(Records for this task begins)

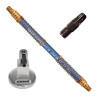 1110-PEEK-NPT-9356 PEEK Nano Super Air Nozzle with 6" SSH & Mag Base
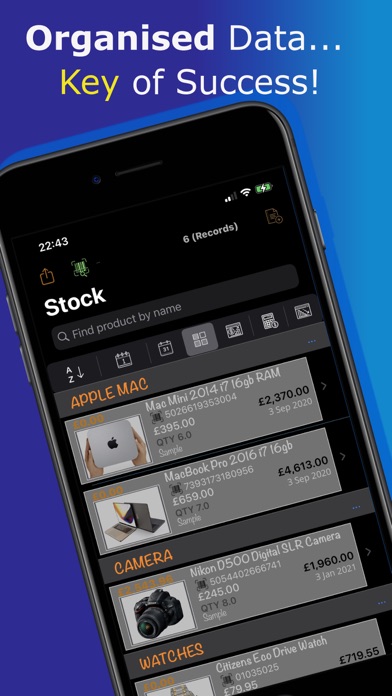 StockKeeper Screenshot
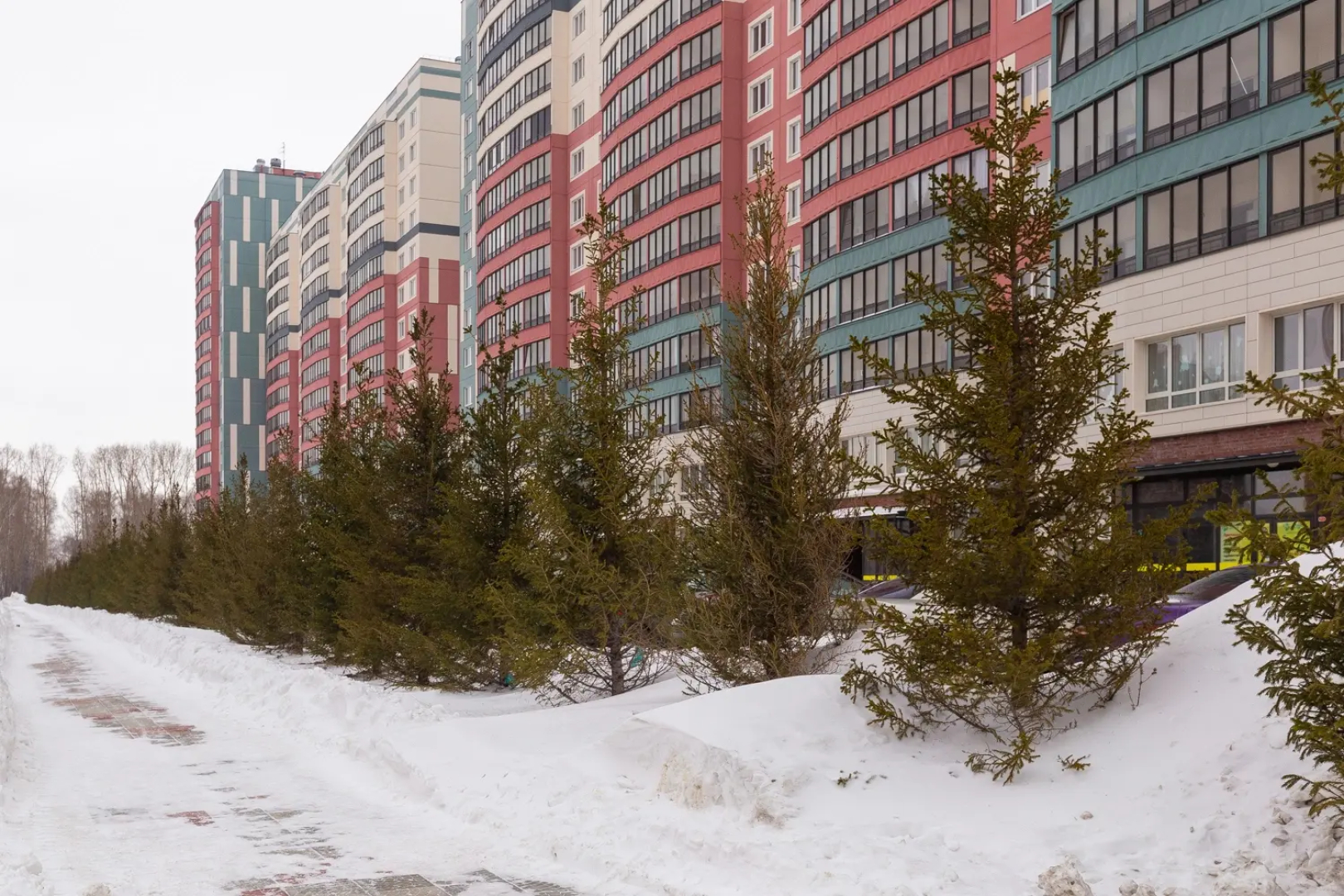 Апартаменты семейные Vetka Home на Красном проспекте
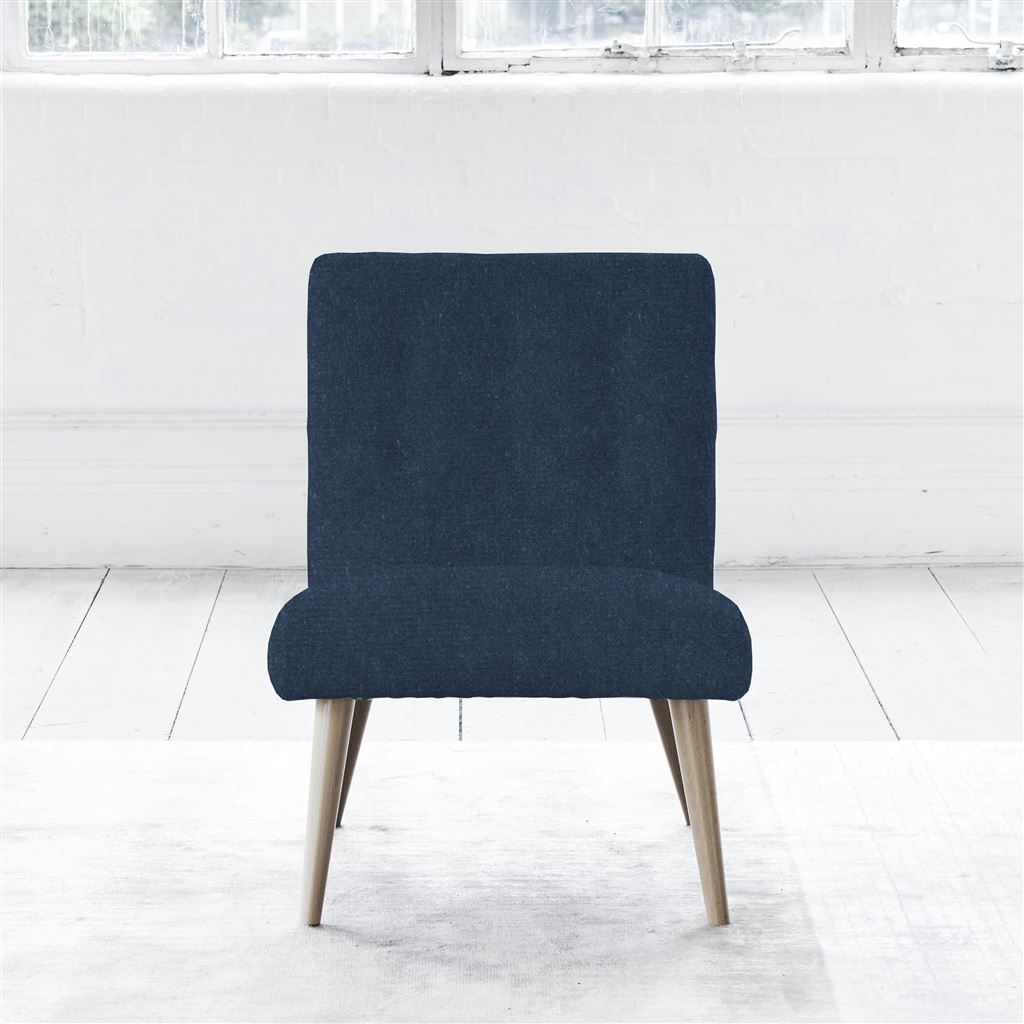 Eva Chair - Beech Leg - Cassia Prussian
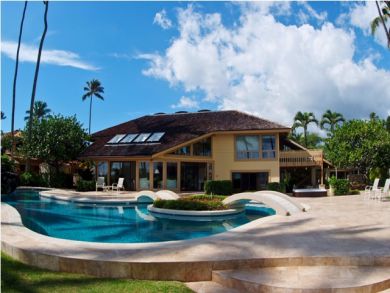 A Diamond of a Rental Villa Kahala Estate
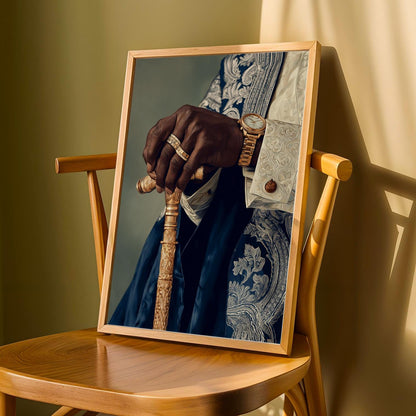 "Owambe" Series Wall Art Print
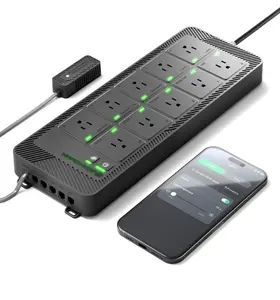 Smart 10-Outlet All-in-One Grow Room Hub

(Records for this task ends)

Assignment ::
With pictures excluded, the data must be transcribed in full and to the letter.

Answer to this task ::
 1110-PEEK-NPT-9356 PEEK Nano Super Air Nozzle with 6" SSH & Mag Base
 StockKeeper Screenshot
 Апартаменты семейные Vetka Home на Красном проспекте
 Eva Chair - Beech Leg - Cassia Prussian
 A Diamond of a Rental Villa Kahala Estate
 "Owambe" Series Wall Art Print
 Smart 10-Outlet All-in-One Grow Room Hub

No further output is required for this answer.